编辑:为澄清起见,它们不必是词典中的实际单词.他们只需要听起来像英语.例如,将接受 KEAL .
您可以构建包含大量英文文本的马尔可夫链.
然后,您可以将单词输入到markov链中,并检查单词是英语的可能性有多大.
请参阅此处: http://en.wikipedia.org/wiki/Markov_chain >
在页面底部,您可以看到markov文本生成器.您想要的恰恰相反.
简而言之:markov链为每个字符存储下一个字符将跟随的概率.如果您有足够的内存,可以将此想法扩展为两个或三个字符.I have an algorithm that generates strings based on a list of input words. How do I separate only the strings that sounds like English words? ie. discard RDLO while keeping LORD.

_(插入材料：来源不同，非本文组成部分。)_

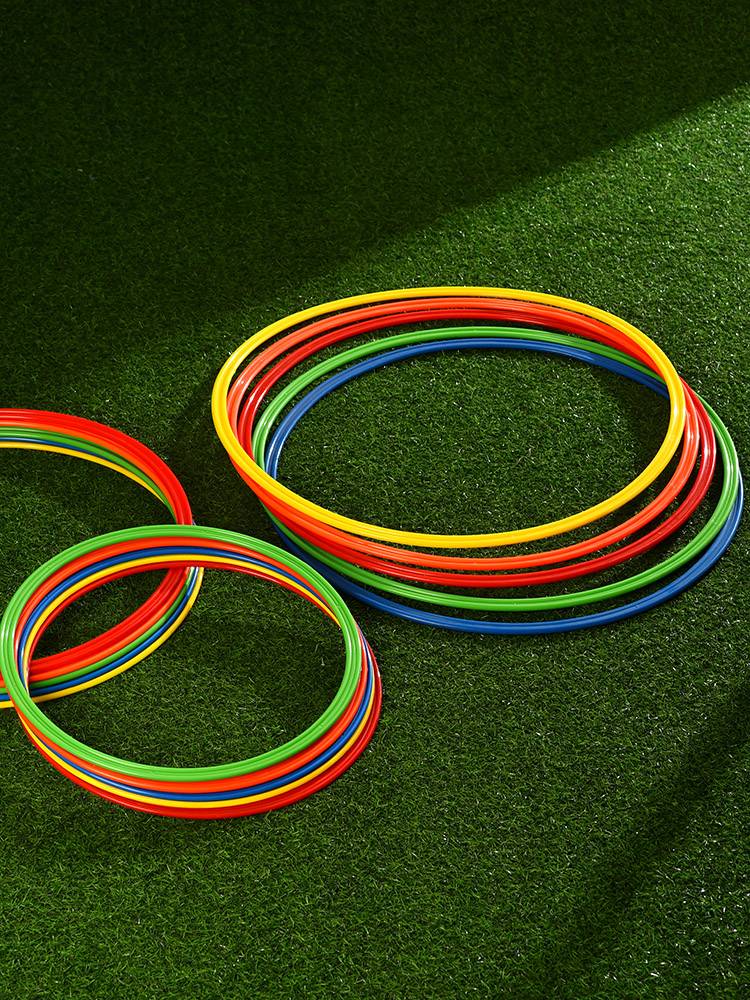 Zhenxuan agile ring body energy ring basketball football training equipment Children's physical training circle jumper circle ring movement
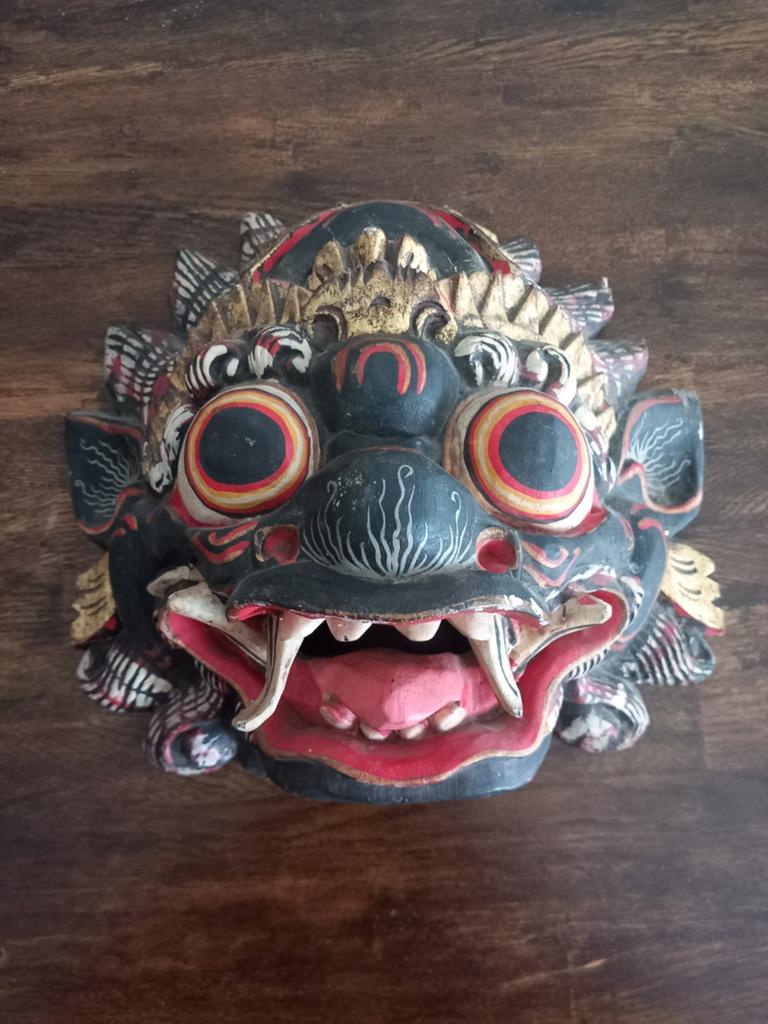 Topeng Barong masker vintage 70s, Ophalen of Verzenden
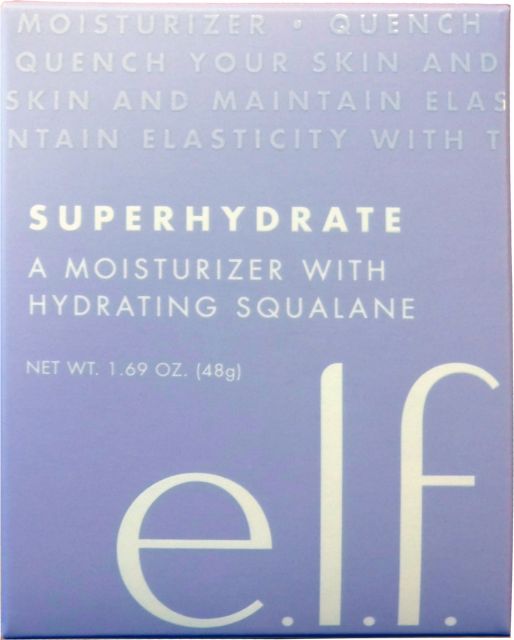 e.l.f. Superhydrate Moisturizer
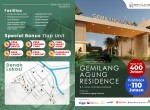 Gemilang Agung Residence - Brosur (Depan)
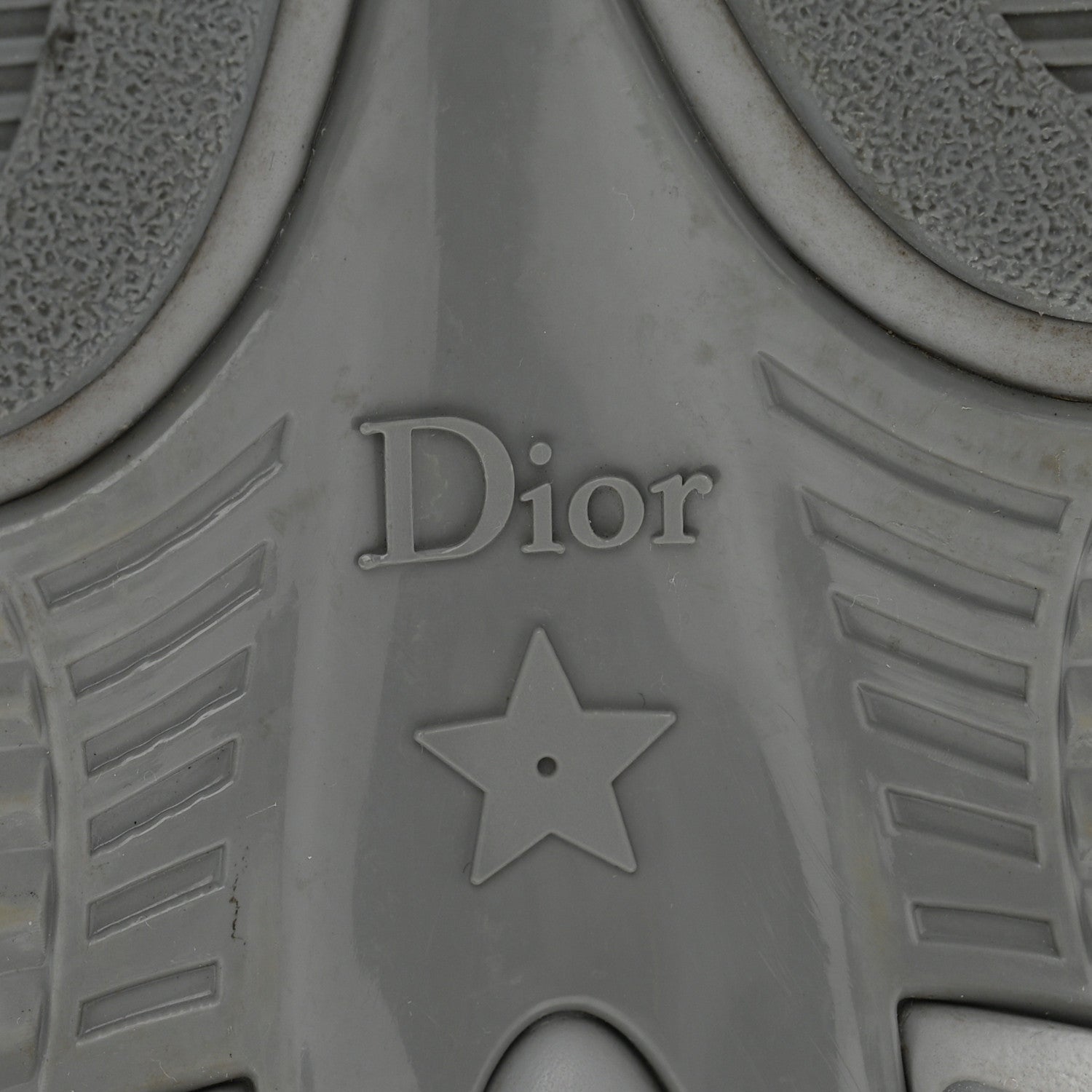 Christian Dior Technical Mesh Dior Chrono Sneakers 38 Silver 7 of 11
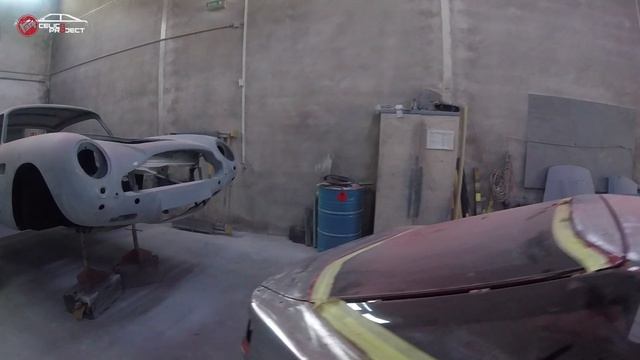 Toyota Celica Project - Preparação para a pintura pt1 смотреть онлайн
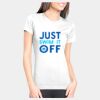 Junior Fit Cotton Boyfriend T-Shirt Thumbnail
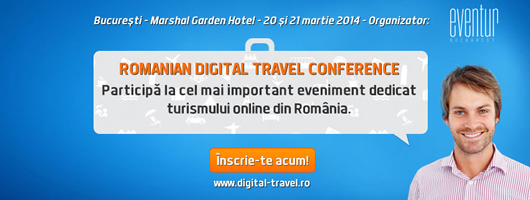 Romanian Digital Travel  by EVENTUR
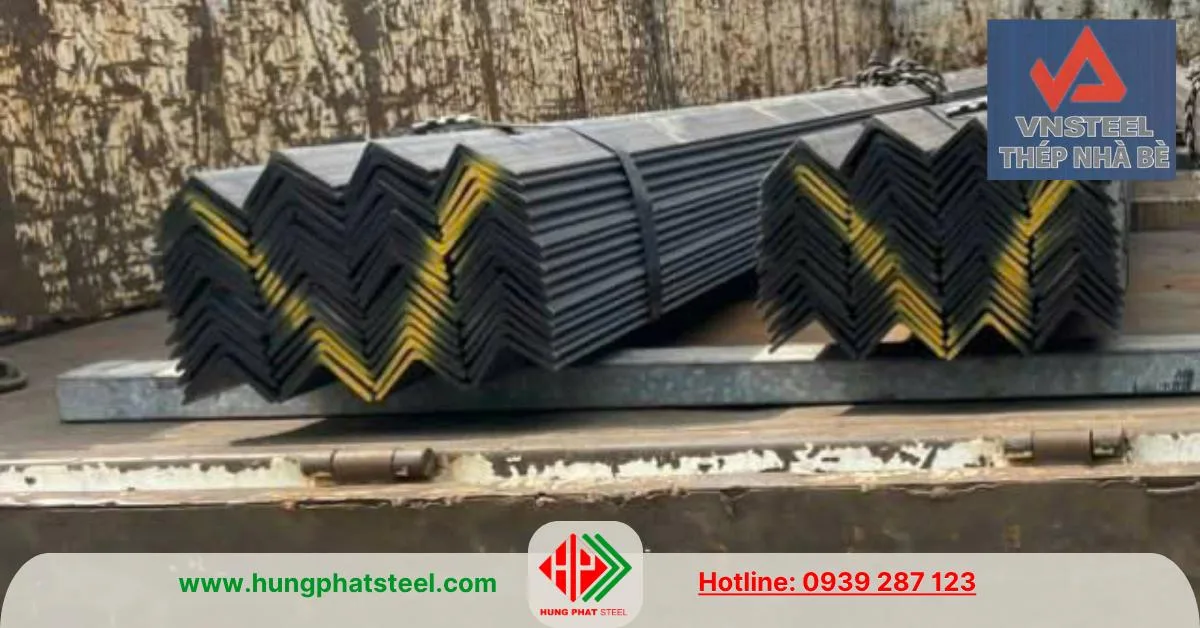 Thép hình V65 Nhà Bè (Sắt V65x65 VNSteel)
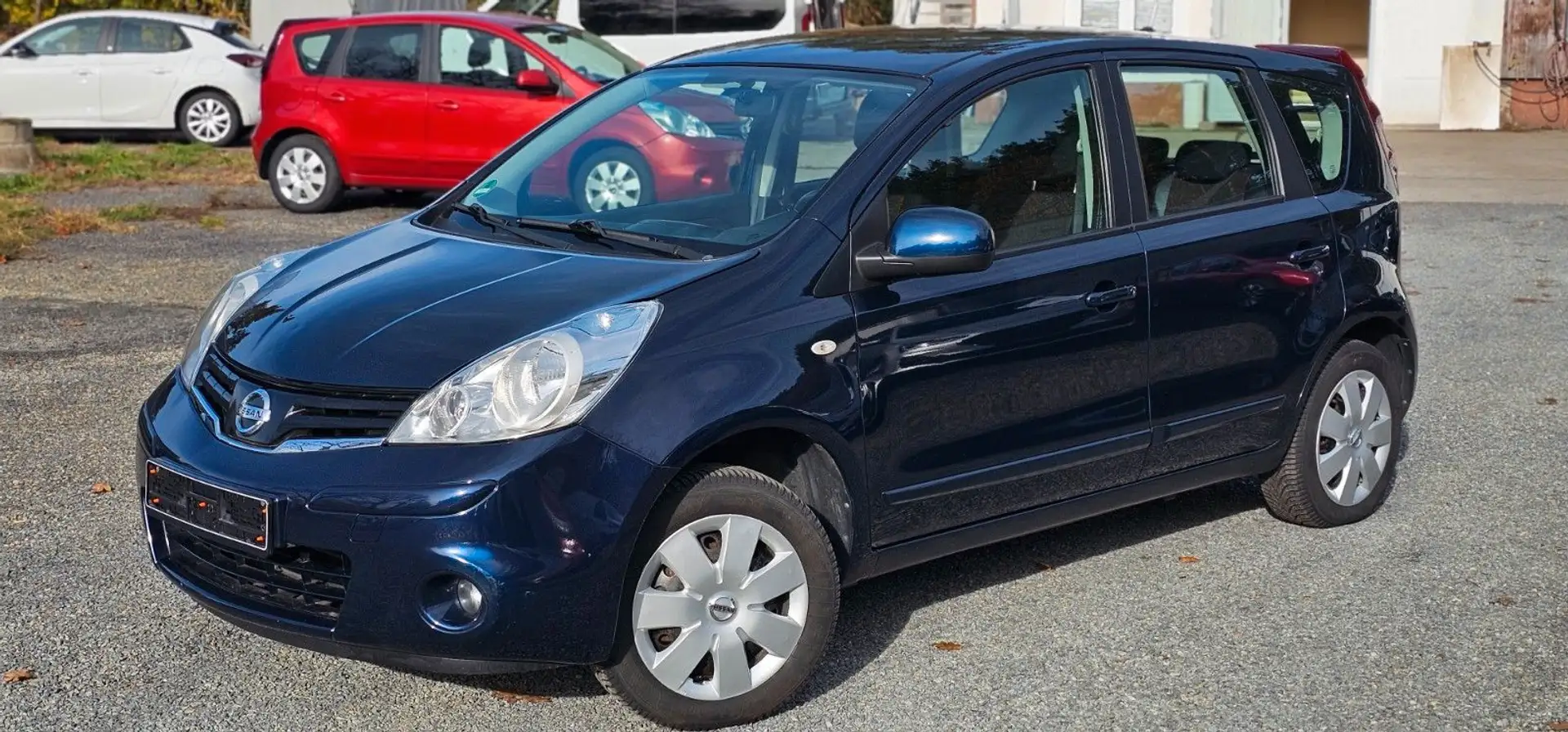 Nissan Note Acenta /NAVI/TEMPOMAT/AHK Blau - 1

EDIT: To clarify, they do not need to be actual words in the dictionary. They just need to sound like English. For example KEAL would be accepted.
You can build a markov-chain of a huge english text.
Afterwards you can feed words into the markov chain and check how high the probability is that the word is english.
See here: http://en.wikipedia.org/wiki/Markov_chain
At the bottom of the page you can see the markov text generator. What you want is exactly the reverse of it.
In a nutshell: The markov-chain stores for each character the probabilities of which next character will follow. You can extend this idea to two or three characters if you have enough memory.
这篇关于如何确定随机字符串听起来像英语?的文章就介绍到这了,希望我们推荐的答案对大家有所帮助,也希望大家多多支持IT屋!